[SOURCE MATERIAL Boundary: Start]

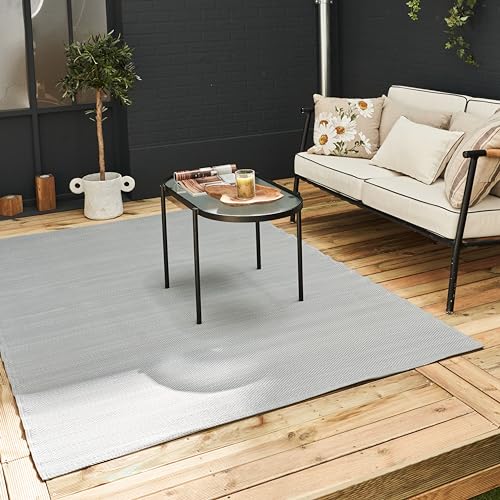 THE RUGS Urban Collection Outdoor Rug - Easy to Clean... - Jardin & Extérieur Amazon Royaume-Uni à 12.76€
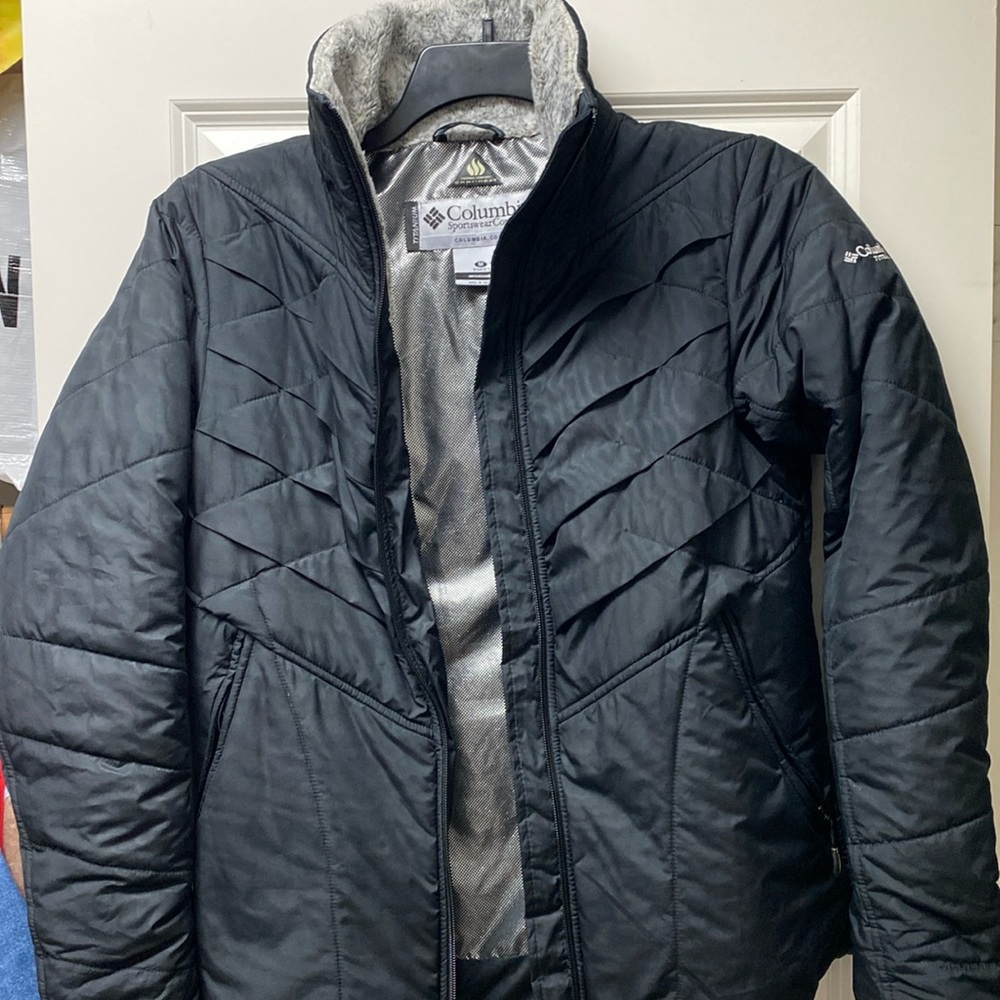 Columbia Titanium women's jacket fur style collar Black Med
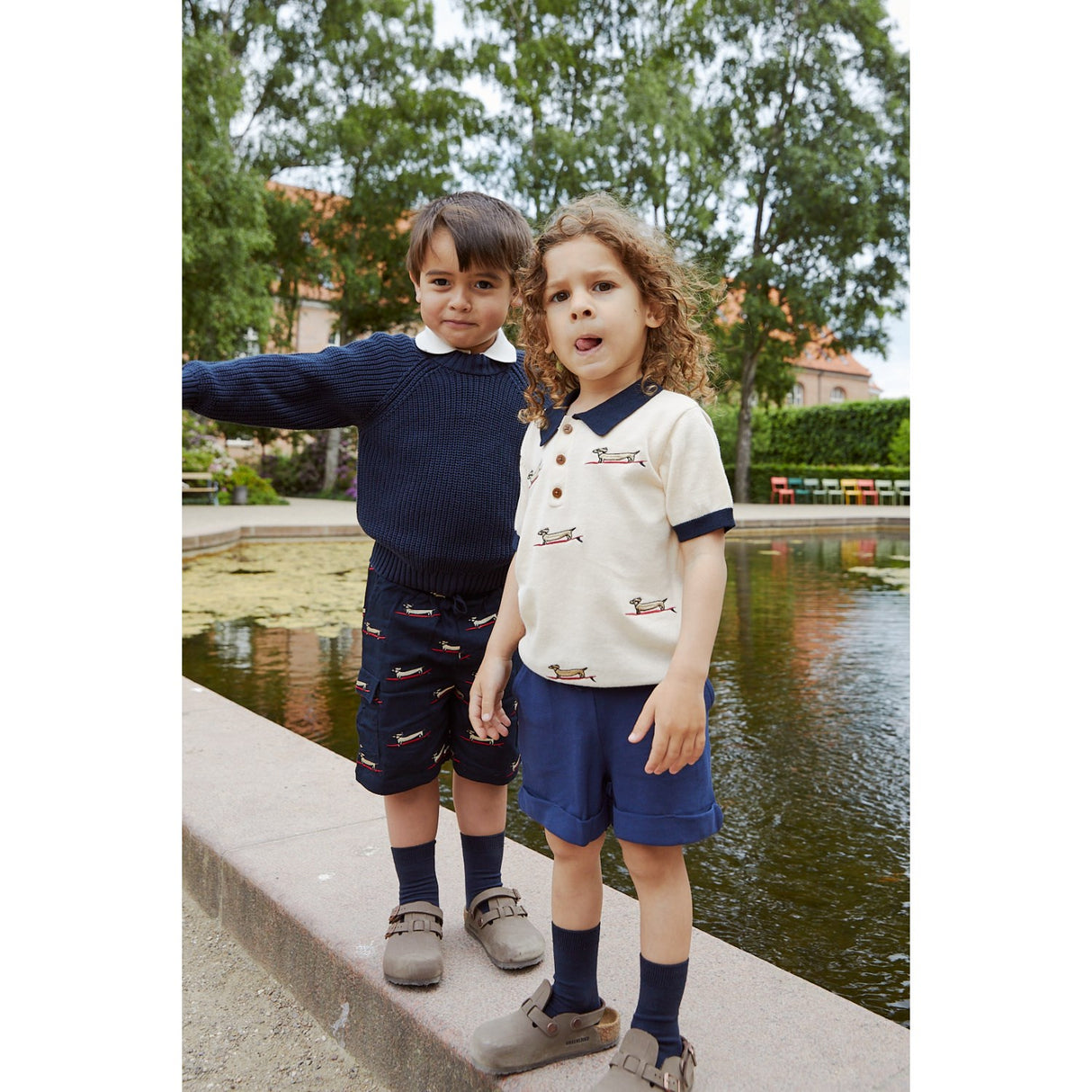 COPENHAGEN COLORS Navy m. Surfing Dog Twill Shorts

[SOURCE MATERIAL Boundary: End]

WHAT THIS TASK INVOLVES:
When repeating the listing, keep each line exact and exclude the pictures.

EXERCISE SOLUTION:
 THE RUGS Urban Collection Outdoor Rug - Easy to Clean... - Jardin & Extérieur Amazon Royaume-Uni à 12.76€
 Columbia Titanium women's jacket fur style collar Black Med
 COPENHAGEN COLORS Navy m. Surfing Dog Twill Shorts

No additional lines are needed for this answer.